Consider the following classical (unsupervised learning) problem of estimating the mean of an n-dimensional normally (with identity covariance matrix) or Poisson distributed vector under the squared loss. The framework of empirical Bayes (EB), put forth by Robbins'1956, combines Bayesian and frequentist mindsets by postulating that the mean's coordinates are sampled iid from an unknown prior and aims to use a fully data-driven estimator to compete with the Bayesian oracle that knows the true prior. The figure of merit is the total excess risk (regret) over the Bayes risk in the worst case (over the class of, e.g., priors with a given support). Although this paradigm was introduced more than 60 years ago, little was known about the asymptotic scaling of the optimal regret before our work established it to be $\Theta((\log n/\log \log n)^2)$ for the Poisson case. The same rate is shown to be a lower bound for the normal case, verifying and strengthening upon an old conjecture of $\omega(1)$ due to Singh'1979.

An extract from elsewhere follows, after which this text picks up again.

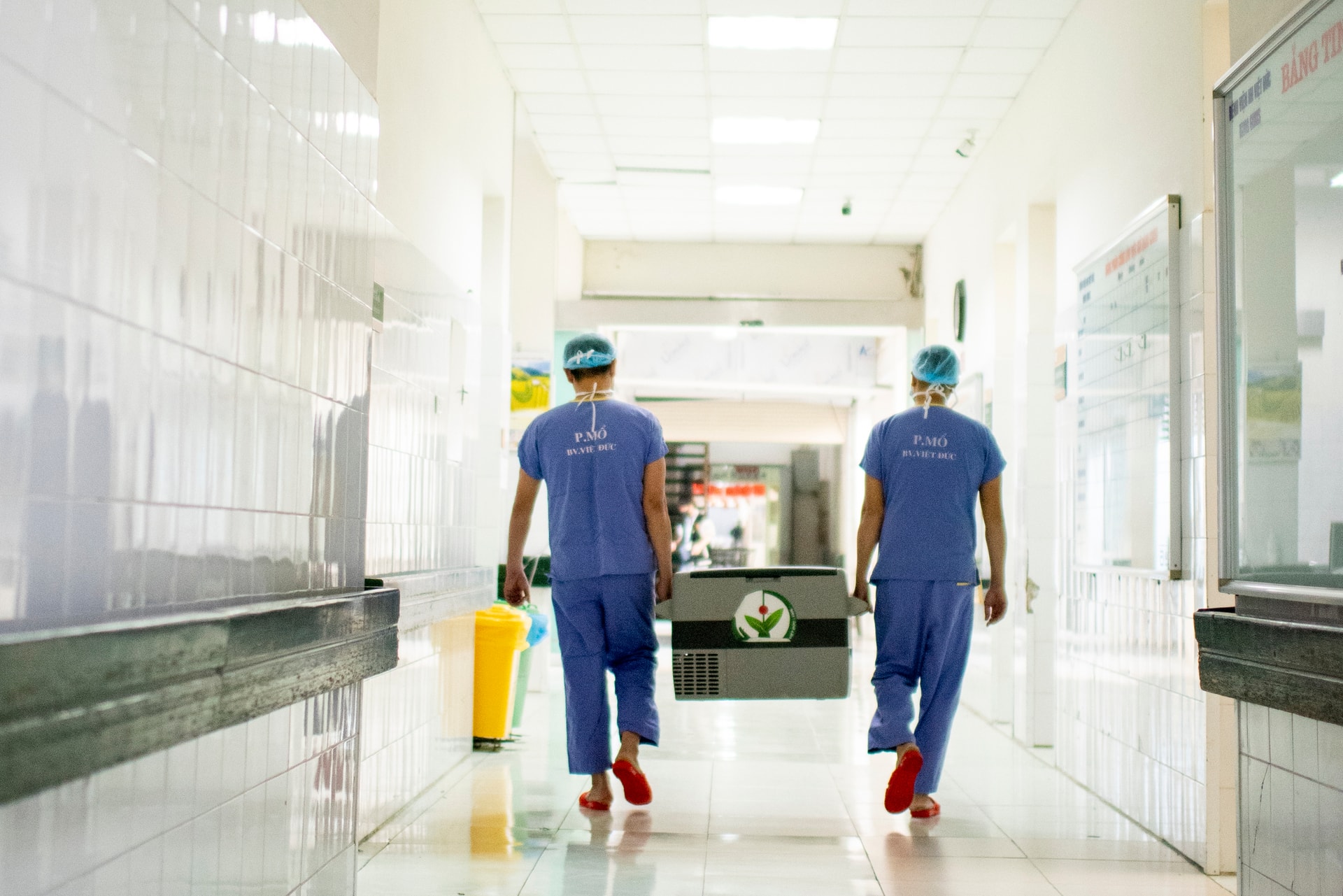 36 giờ, 16 cuộc đời hồi sinh dưới ánh đèn không hắt bóng- Ảnh 7. 36 giờ, 16 cuộc đời hồi sinh dưới ánh đèn không hắt bóng- Ảnh 7.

We will discuss practical implementation of EB estimators. The most performant of those are obtained by first running a non-parametric maximum likelihood (NPMLE) to estimate the unknown prior, and then computing (via Bayes) the posterior mean with respect to the estimated prior. We will discuss empirical results on sports data and short-term time series forecasting.
Based on joint works with Yihong Wu, Soham Jana and Anzo Teh.